### What to produce
Each line in the material below, starting at the one with "Виниловая плитка Arrow" and ending at the one with "monitor-lg-22tk410v-pz-21-5-tn-led-non-glare-5-lg-22tk410v-pz", is to be reproduced exactly; no picture is to be copied.

### Available data
# # #

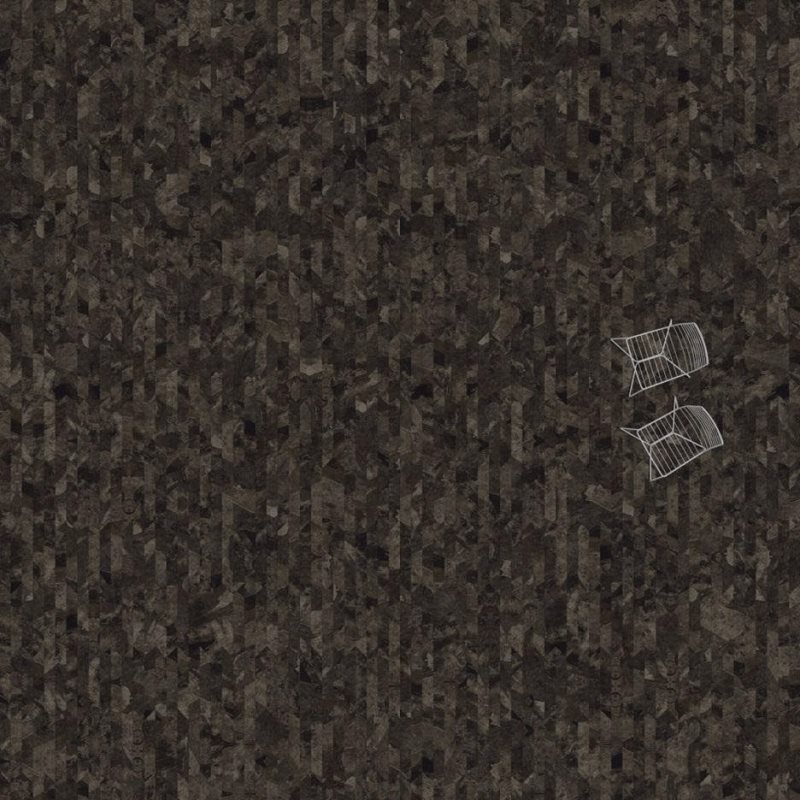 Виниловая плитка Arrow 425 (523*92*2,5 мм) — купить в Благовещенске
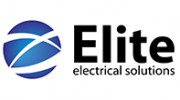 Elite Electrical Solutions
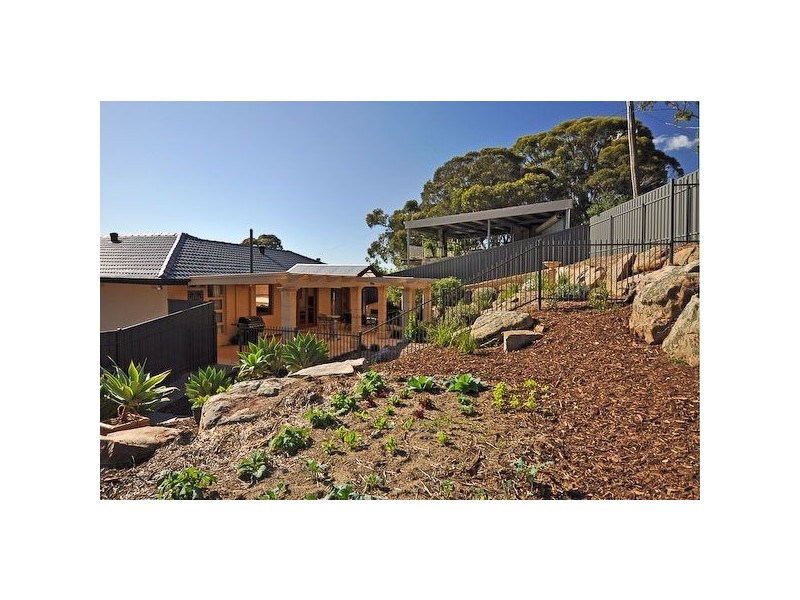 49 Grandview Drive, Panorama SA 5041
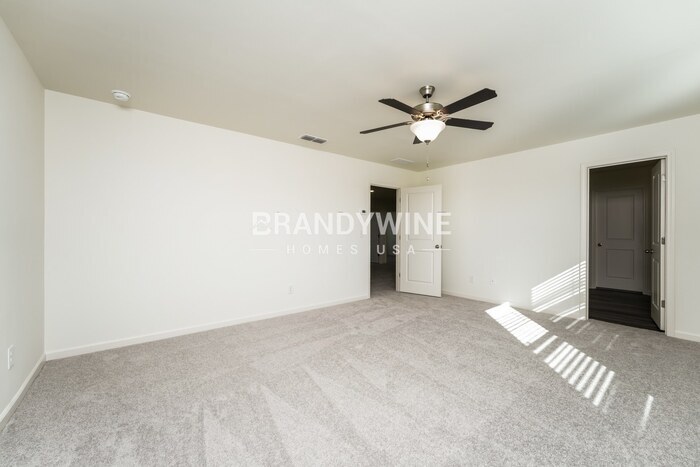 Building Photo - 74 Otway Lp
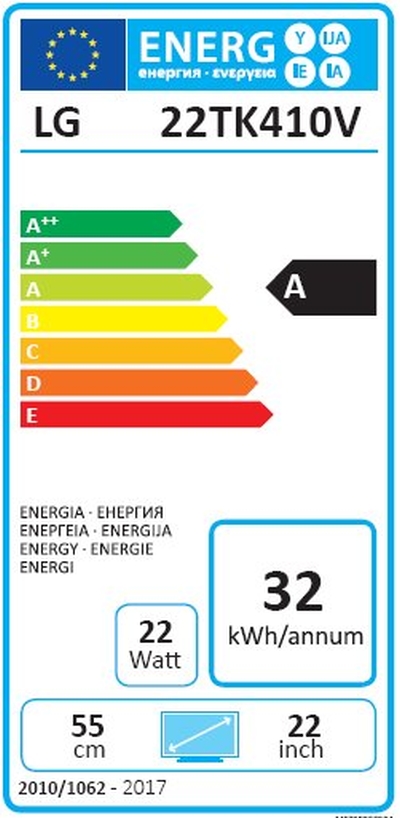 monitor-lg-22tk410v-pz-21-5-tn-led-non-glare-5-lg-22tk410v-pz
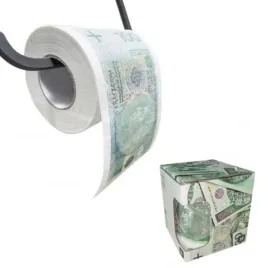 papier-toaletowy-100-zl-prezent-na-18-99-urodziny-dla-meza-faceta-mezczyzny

# # #

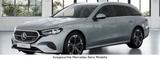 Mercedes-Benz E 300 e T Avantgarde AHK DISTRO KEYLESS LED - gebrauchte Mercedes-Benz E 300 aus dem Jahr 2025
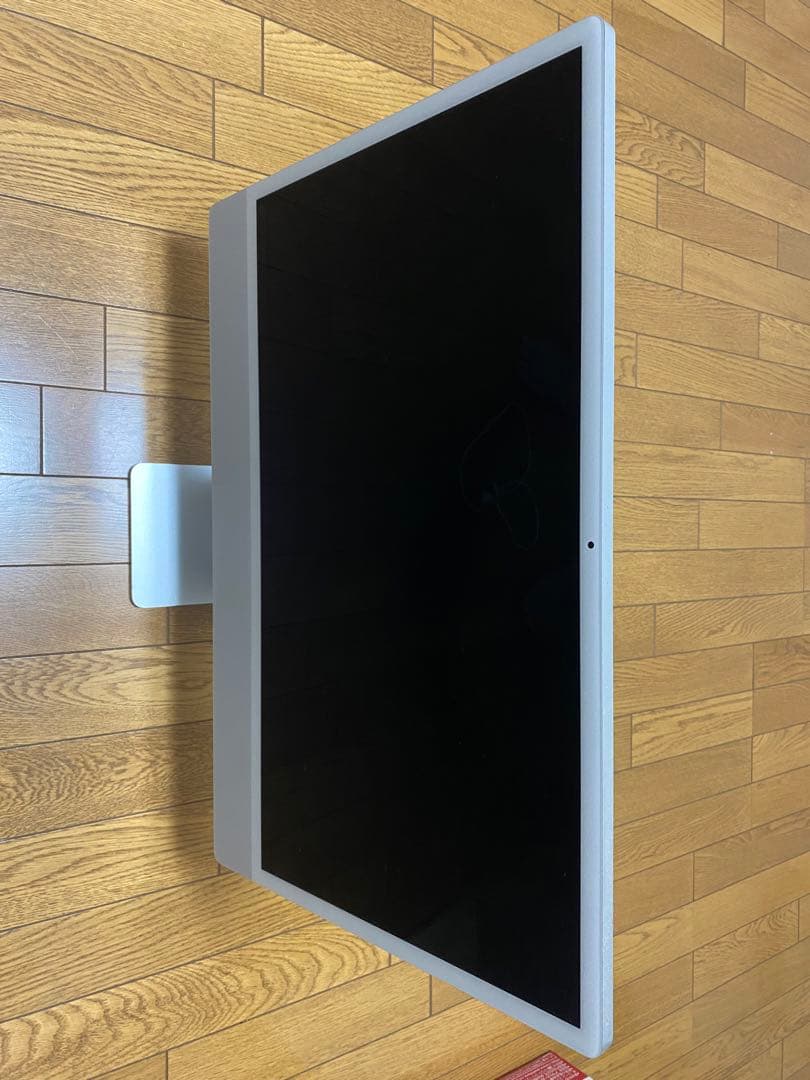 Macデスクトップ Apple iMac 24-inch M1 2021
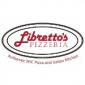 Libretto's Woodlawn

# # #

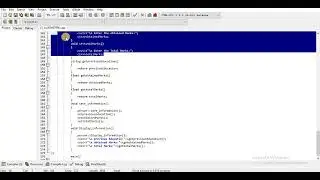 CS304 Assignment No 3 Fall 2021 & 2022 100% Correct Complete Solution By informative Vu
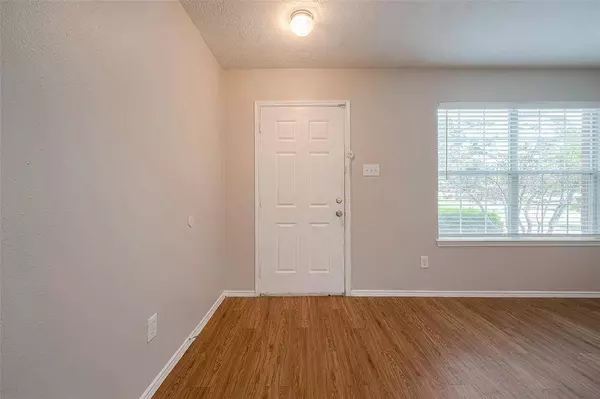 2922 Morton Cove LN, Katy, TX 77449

# # #

### Written reply
 Виниловая плитка Arrow 425 (523*92*2,5 мм) — купить в Благовещенске
 Elite Electrical Solutions
 49 Grandview Drive, Panorama SA 5041
 Building Photo - 74 Otway Lp
 monitor-lg-22tk410v-pz-21-5-tn-led-non-glare-5-lg-22tk410v-pz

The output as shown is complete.